The United States has options for action in Iran. The world is watching Trump’s next move.

After weeks of massive protests sweeping the streets of Iran, President Donald Trump cheered on demonstrators on social media. “Iranian patriots, keep protesting,” he wrote on January 13. “Take over your institutions!!!… Help is on the way.”

To many, it seemed like a promise of military intervention. But the president tempered his message the next day, telling reporters that he had been told that “the killing in Iran has stopped” and that “executions will not be carried out.”

Now, the world waits to see what Mr. Trump will do: launch cyberattacks or targeted bombings; launching more economic sanctions; Iranian shipping blockade; Or do nothing at all. The US Navy has redirected the USS Abraham Lincoln carrier strike group from the Pacific to the Middle East, giving the president the tools to act — if he chooses to do so.

Why did we write this?

As mass protests in Iran lead to brutal government crackdowns, the United States is considering a response. President Donald Trump has several options available to him amid historic opposition to the current Tehran regime.

The lives of countless Iranian protesters and, more broadly, the security of the region that produces 30% of the world’s oil depend on his decision. For America’s allies and rivals alike, this is a crucial time as the White House considers its options.

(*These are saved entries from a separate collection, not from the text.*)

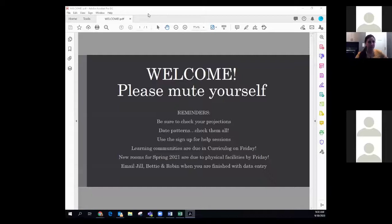I'm just going to quickly go over these reminders. I saw a question in the chat about learning communities specifically. Be sure to check your projections. You would have gotten an email from Josie regarding those projections. They're located on the Registrar website under faculty and staff, then reports, and it says projection information there. Make sure that you are checking the projections.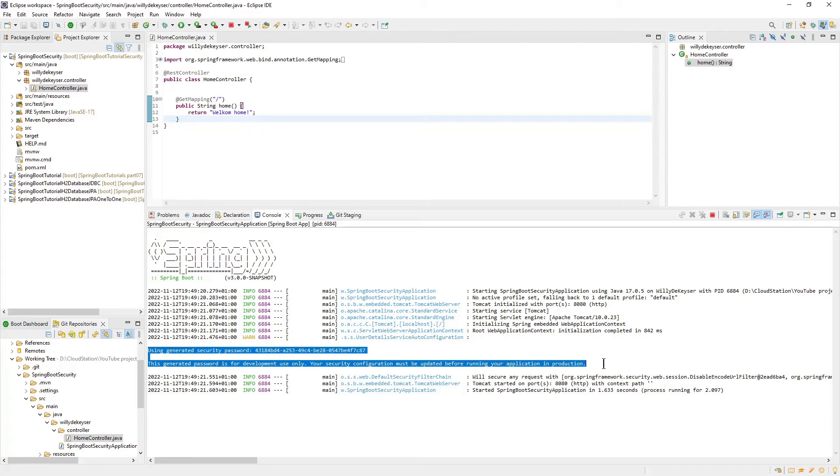Later, in our browser, we can see what Spring Boot has automatically created for us without any configuration.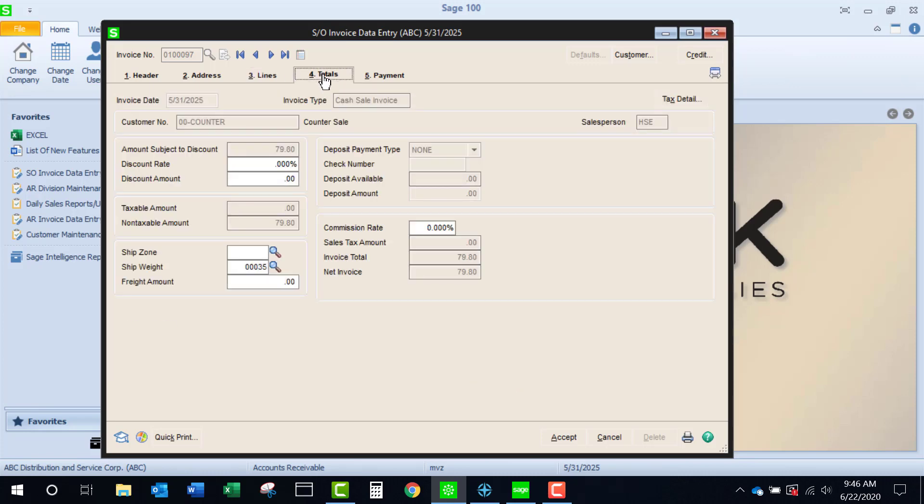We'll come to the totals tab, and you'll notice that the deposit fields are not available. The assumption is that this has already been paid, and it's being paid in cash, so I can't enter a credit card number, nor can I enter a check number.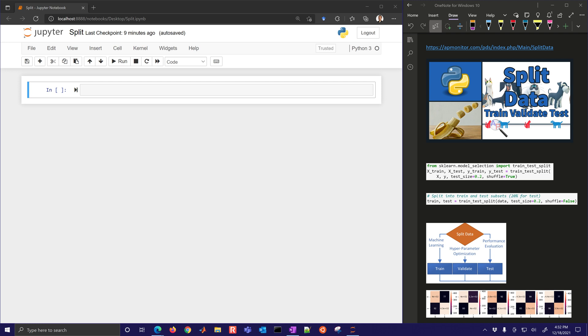Splitting data ensures that there are independent sets for training, testing, and validation.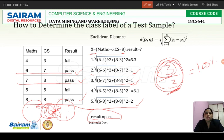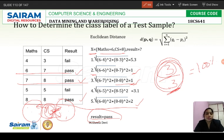Hope you would have understood how to classify a particular instance with the help of the k nearest neighbors. Thank you.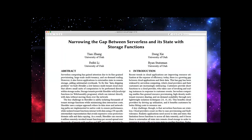'Narrowing the Gap Between Serverless and Its State with Storage Functions' is a paper that introduces a fix for the data shipping architecture. It describes Shredder, a low-latency multi-tenant cloud store that allows small units of computation to be performed directly within storage nodes. This is by no means a new idea — on the mainframe we called it function shipping, and in databases you probably know it as stored procedures.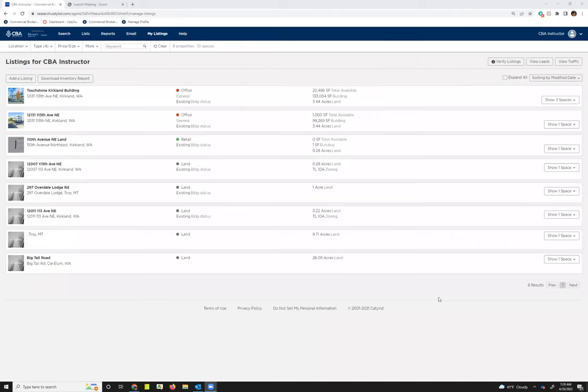In this video we will go over adding and editing property records. I'm starting us from the my listings page as this is where you want to add your listings from. To get started with this process you'll click add a listing.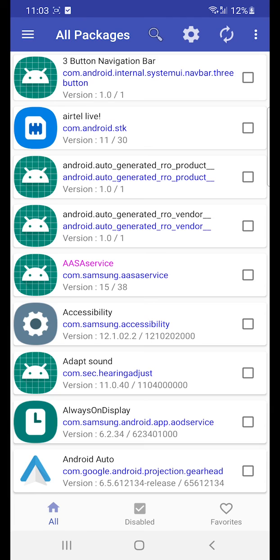Step 5. The Package Disabler license will now be transferred to the new device, and the old device will be logged out.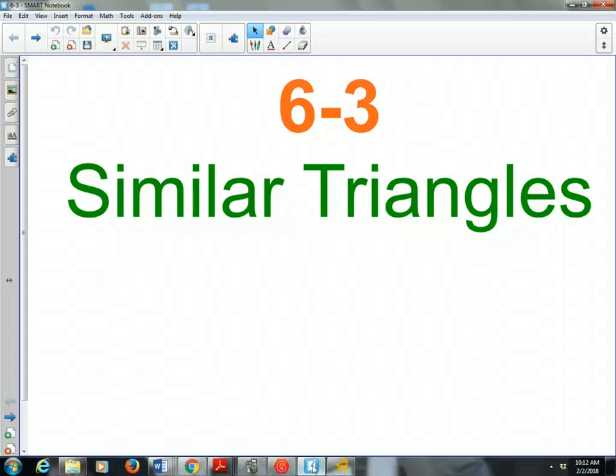Hi class. Here's our video lesson on 6-3, similar triangles. 6-2 talked about similar polygons, so now we're getting even more specific and we're only dealing with one shape, and that shape is the triangle.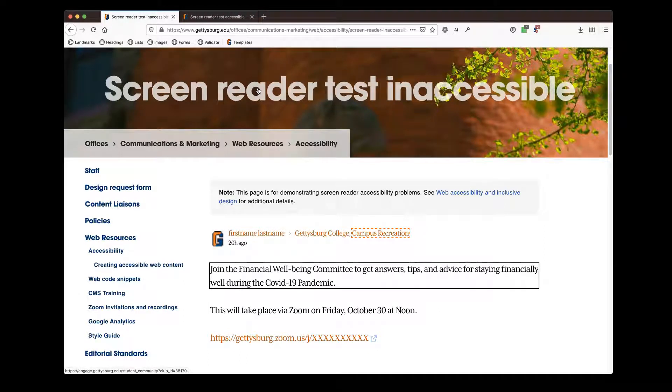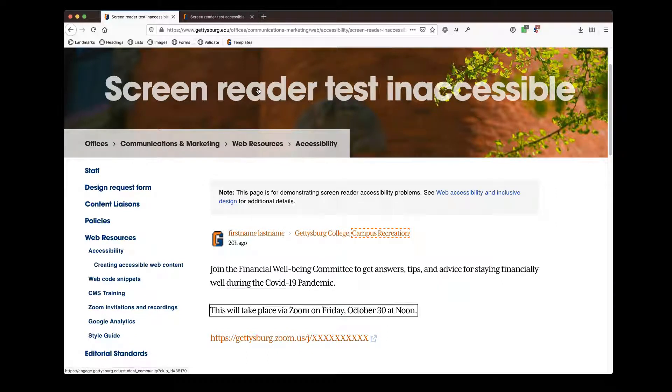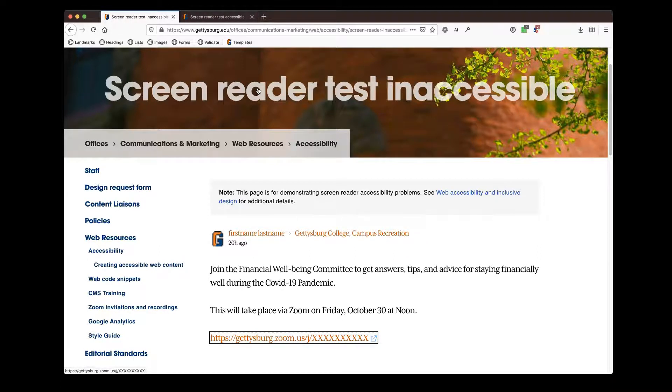Join the Financial Wellbeing Committee to get answers, tips, and advice for staying financially well during the COVID-19 pandemic. This will take place via Zoom on Friday, October 30th at noon.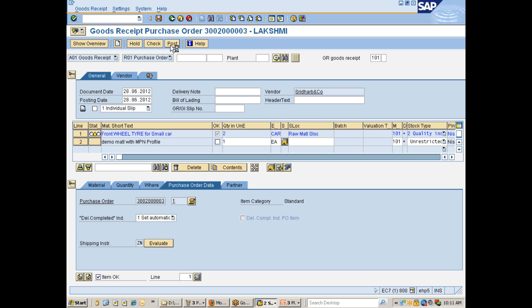Okay. Deficit of quantity so-and-so. And now I will go and post it. Okay. So now, see what I have done was I have posted 2 cartons of front wheel tires with reference to so-and-so PO.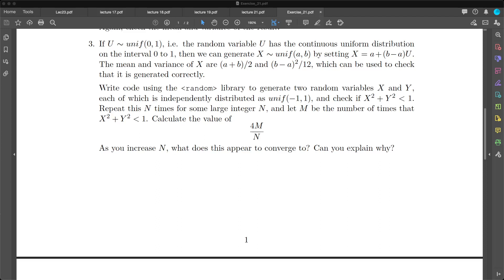In this video we will talk about Monte Carlo methods. Let's try and solve this problem. First of all, last time we talked about the uniform distribution and the way to generate it.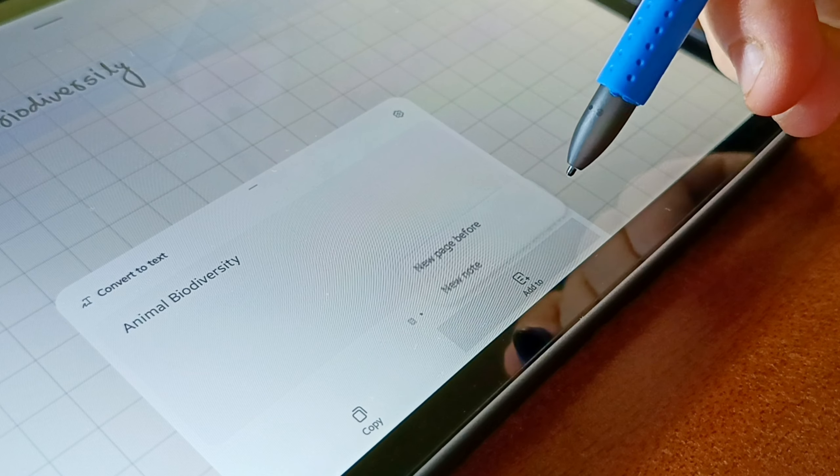The third feature is the toolbar. You can change the position of the toolbar according to your preference — whether you like it on the top, the right side, the bottom, or the left side. I usually prefer it on the right side or the left side so that I am able to write properly.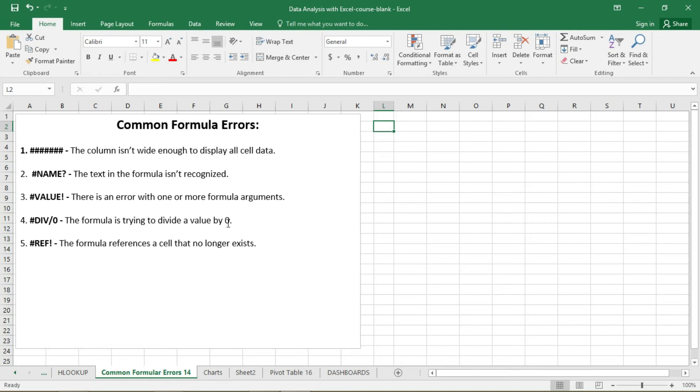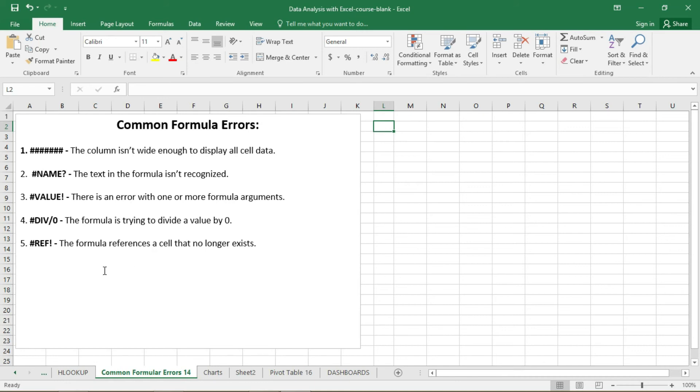Then we have the pound REF and exclamation mark. So this error also shows that the formula references a cell that no longer exists. So let's say you've created formulas for a series of data and you delete the data, you see that the formula will turn to this error.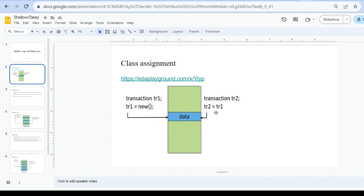In class assignment, first we create an object for handle tr1: tr1 equals new. That means we created one object for class handle tr1. After that, we do the assignment: tr2 equals tr1. This means we have assigned object tr1 to tr2, so tr2 handle now points to tr1's memory location.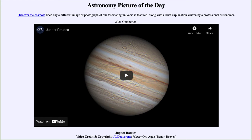Greetings and welcome to the Introduction to Astronomy. One of the things that I like to do in each of my introductory astronomy classes is to begin the class with the Astronomy Picture of the Day from the NASA website, that is apod.nasa.gov.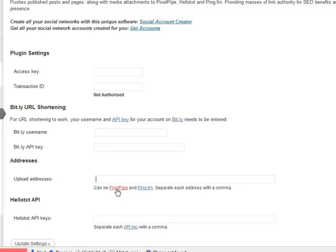You have two links here, and if you're signed into your PixelPipe and Ping.fm account, you can click on these and they'll take you to the exact place where you need to get your upload addresses from. However, I'm going to show you this now anyway.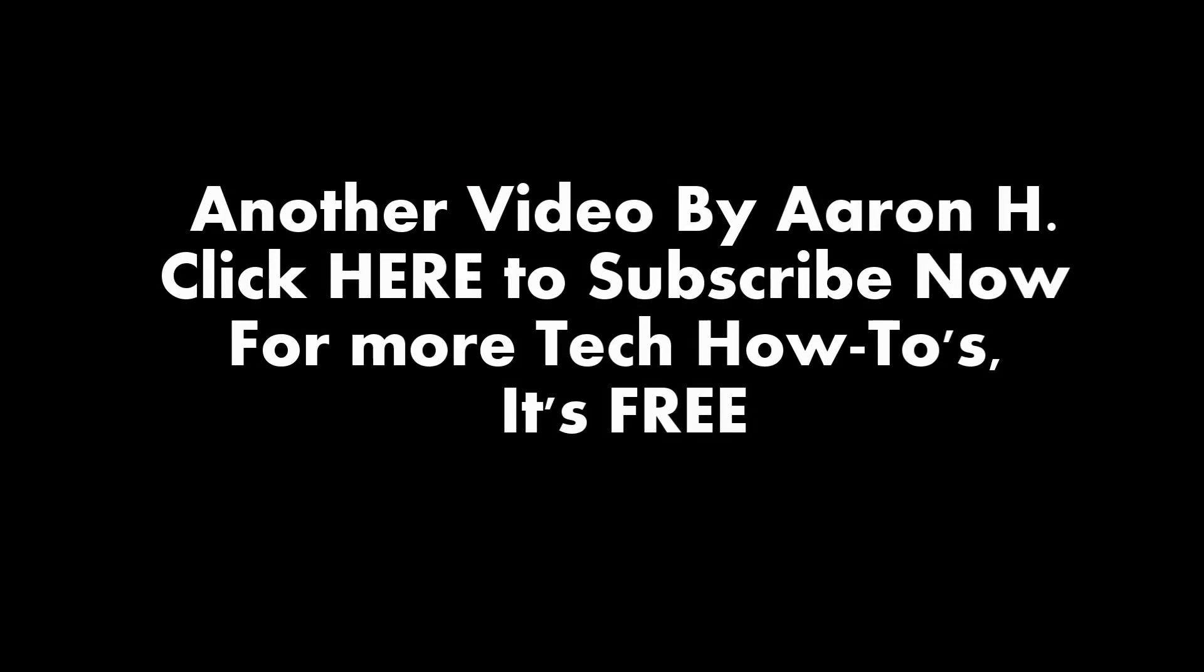Go ahead and click like and subscribe to my channel if you want to have more technology how-tos. Go ahead, it's free.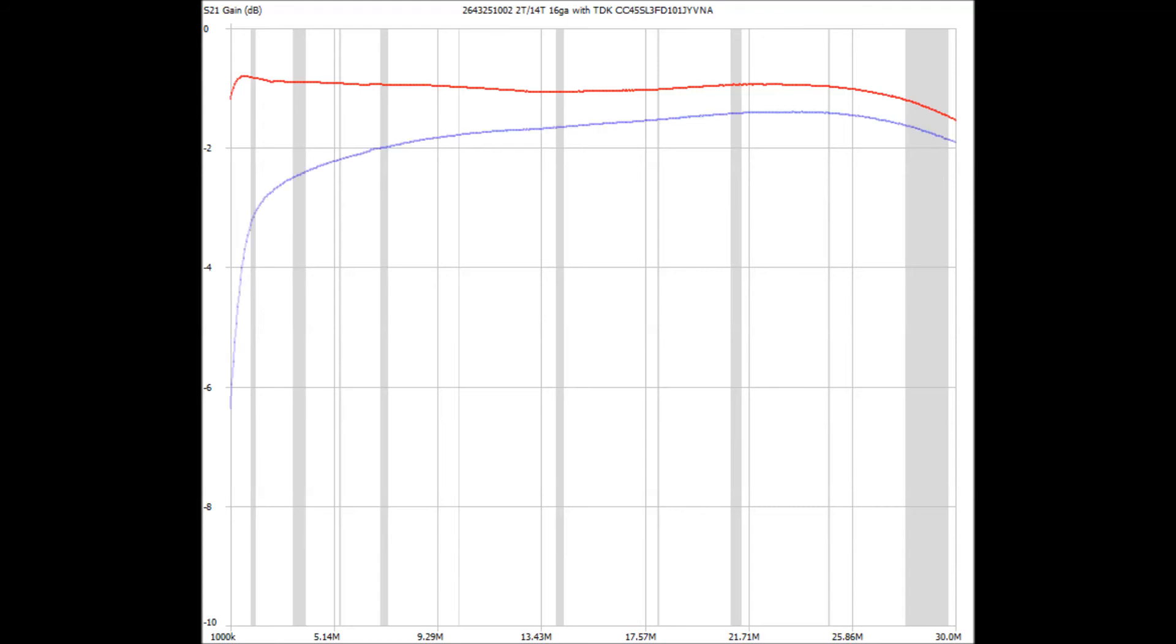And the two traces overlaid. As you can see, it's no contest. The blue trace, the core that the internet experts continue to recommend to people, is a poor performing core.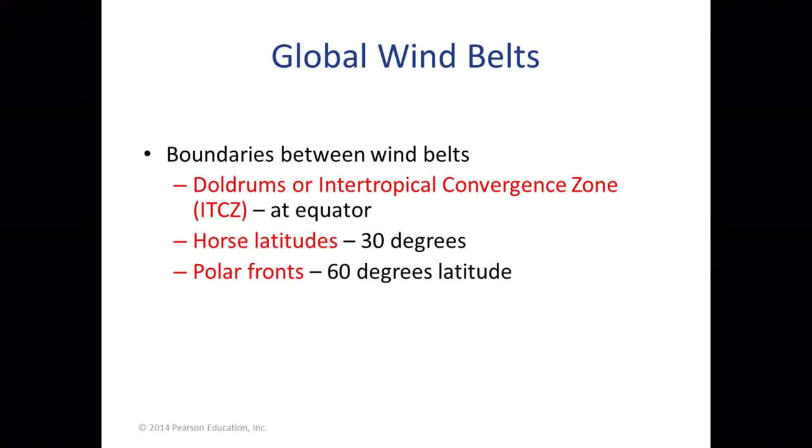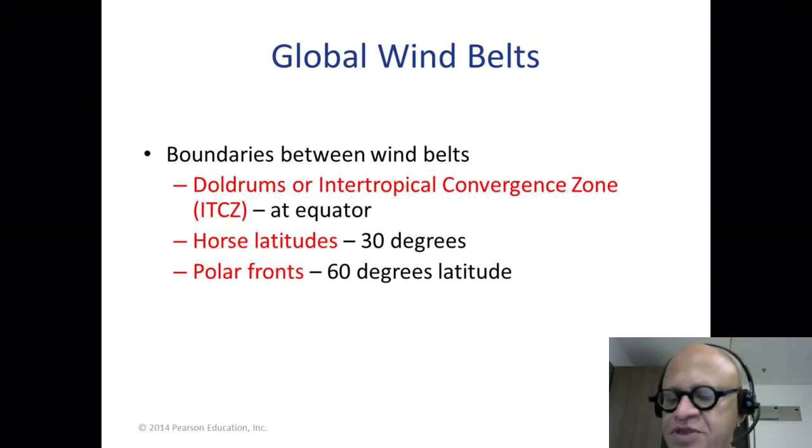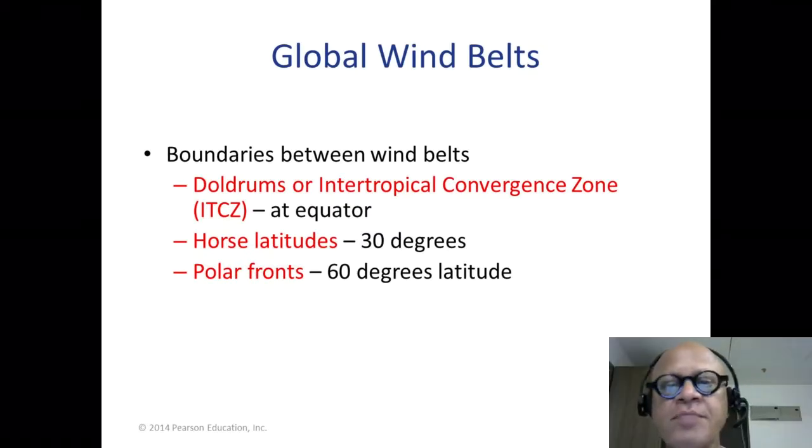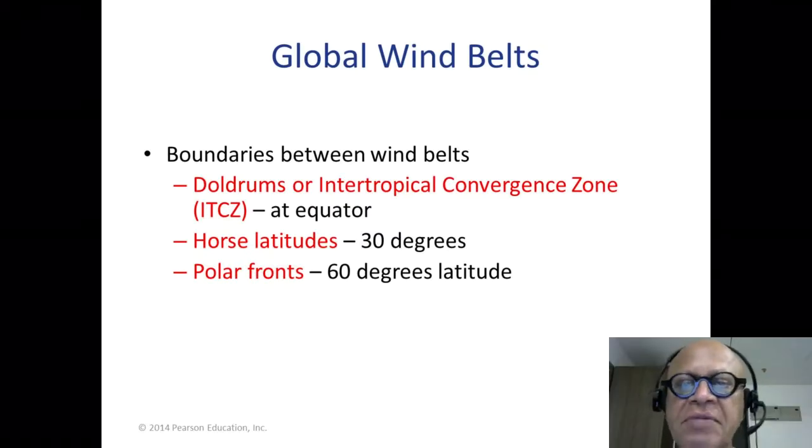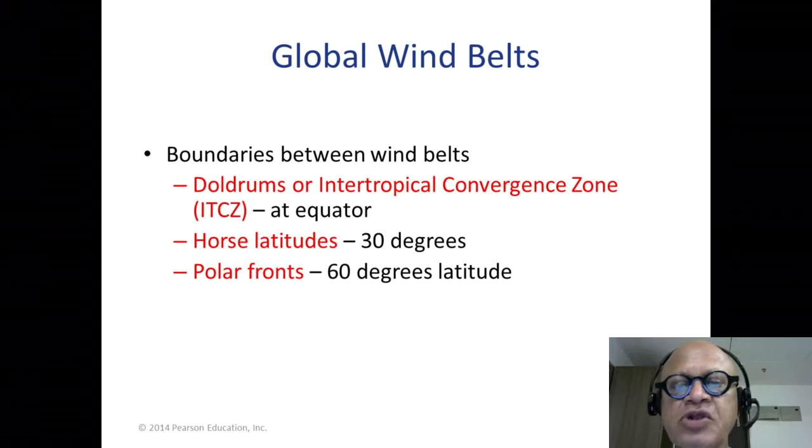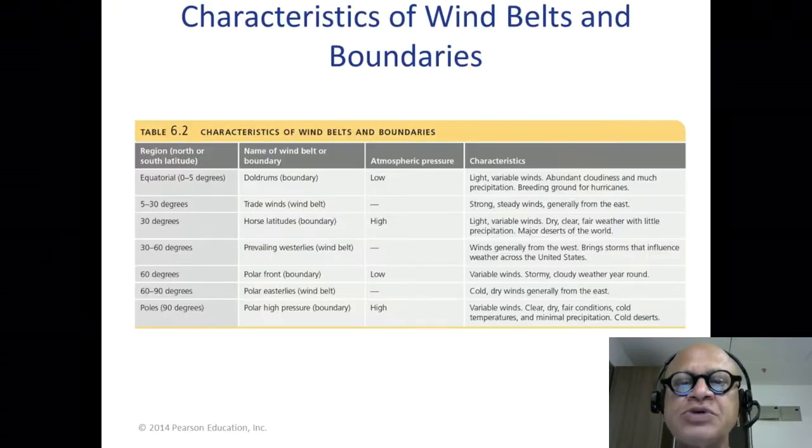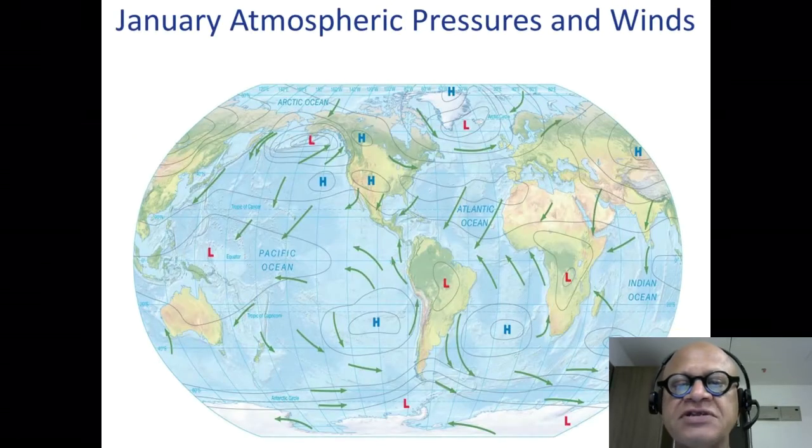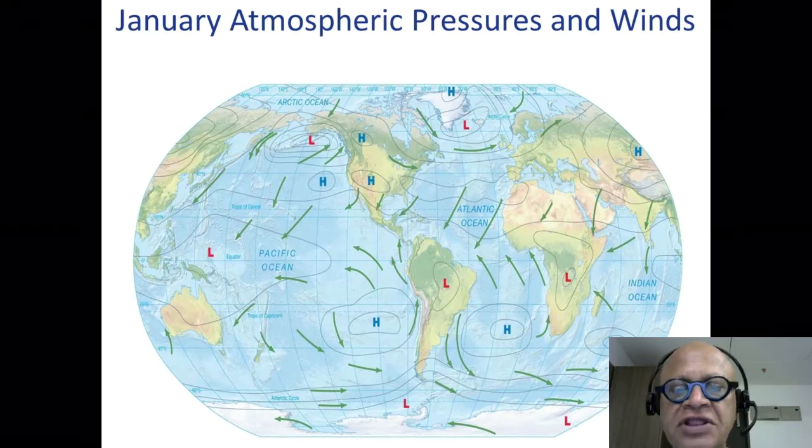Okay, so let's finish up this part by looking at an animation. We've been looking at wind belts, doldrums, cross latitudes, polar latitudes, and the various winds and pressures.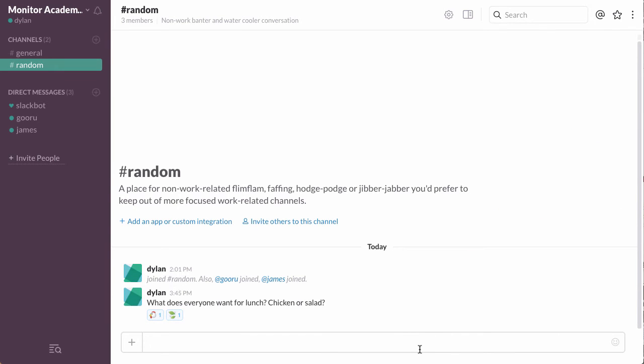And then to vote on what they want, all they have to do is click on the emoji that represents the meal they're interested in.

“In the current Trump White House, all the measures built by Republican and Democratic White House administrations have been undone,” says Reuel Mark Gerecht, a former CIA Iranian targets officer who is now a senior fellow at the Foundation for Defense of Democracies in Washington. “This is Donald Trump’s show.”

“Doing nothing is the worst-case scenario” for Mr. Trump, but the president still has a lot of freedom, Mr. Gersht says. Mr. Gersht says the most likely military option would be air or missile strikes against military facilities of the Islamic Revolutionary Guard Corps, which handles internal security and is loyal to Iran’s supreme leader, Ayatollah Ali Khamenei. “It will shake the system, and that in itself is beneficial [to U.S. interests]says Mr. Gersht.